Many of their salespeople have been on our programmes and have proved themselves to be effective at improving their abilities in many areas.

There’s one specific area, as you can guess, that always requires attention. It doesn’t take much imagination to know that the biggest challenges for salespeople who sell quality products is price-justification.

Much discussion has been made on how to sell expensive products, or products that are perceived to cost more than the competition.

They all revolve around increasing the value of the product to the prospect’s company or themselves. Of course, value is determined by the perception the prospect has of what they will achieve in the future with the product or service. If they see that the product will improve their productivity, lower costs, increase profitability or something similar, they are more likely to see the value in choosing it and be able to justify the price.

If a prospect claims that your product is ‘expensive’ it means they haven’t yet been able to justify why they should pay the asking price for it.

People will basically pay the price you ask if the prospect can justify in two specific ways; one, they need the product or, two, they want it.

If they need it, it can be justified around the future benefits it will bring them or their business.

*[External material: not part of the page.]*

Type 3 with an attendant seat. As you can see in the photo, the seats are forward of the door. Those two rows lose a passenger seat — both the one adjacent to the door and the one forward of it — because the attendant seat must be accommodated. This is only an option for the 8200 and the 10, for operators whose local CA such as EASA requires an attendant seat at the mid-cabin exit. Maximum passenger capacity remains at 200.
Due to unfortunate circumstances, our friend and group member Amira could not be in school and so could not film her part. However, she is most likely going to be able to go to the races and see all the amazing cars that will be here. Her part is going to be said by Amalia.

However, if they want it, it now involves emotions and desires.

We are more likely to see the value in something if we want it, more than if we need it. Even if something was priced at 50% off, if we don’t want it, we won’t see the value of it.

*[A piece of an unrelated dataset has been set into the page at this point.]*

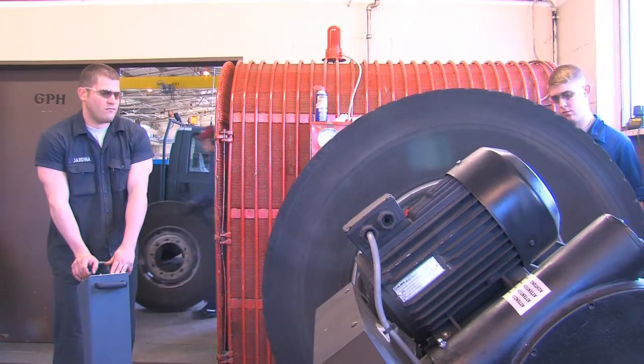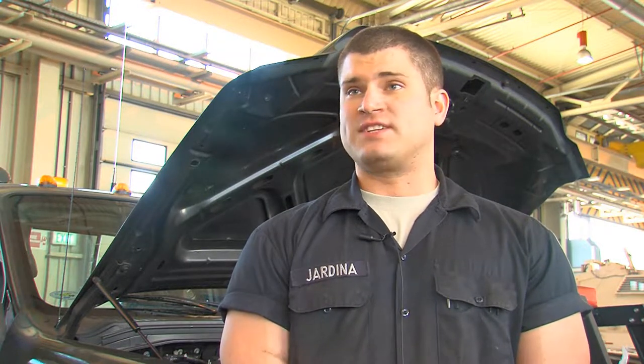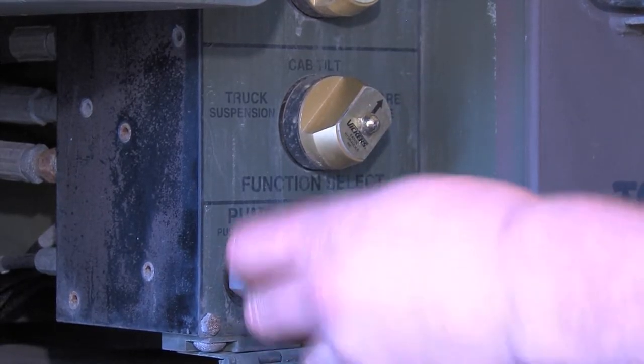My favorite thing is when you get done with a job — the satisfaction of it. A vehicle's coming in, you're not sure what's wrong with it at all, what steps to take, but through troubleshooting, thinking, and advice from all your mechanics and brothers, just finishing that job up.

Increasing the desire is the catalyst that will increase the value in the prospect’s mind.

By making the person want what you are selling, you increase your chances of them justifying the initial outlay.

You do this by asking questions that highlight the emotional impact of the decision they are about to make.

It could be something like: “How will it feel to save 20% in overheads over the next 6 months with this product?”

Or: “What will your family think of this new addition?”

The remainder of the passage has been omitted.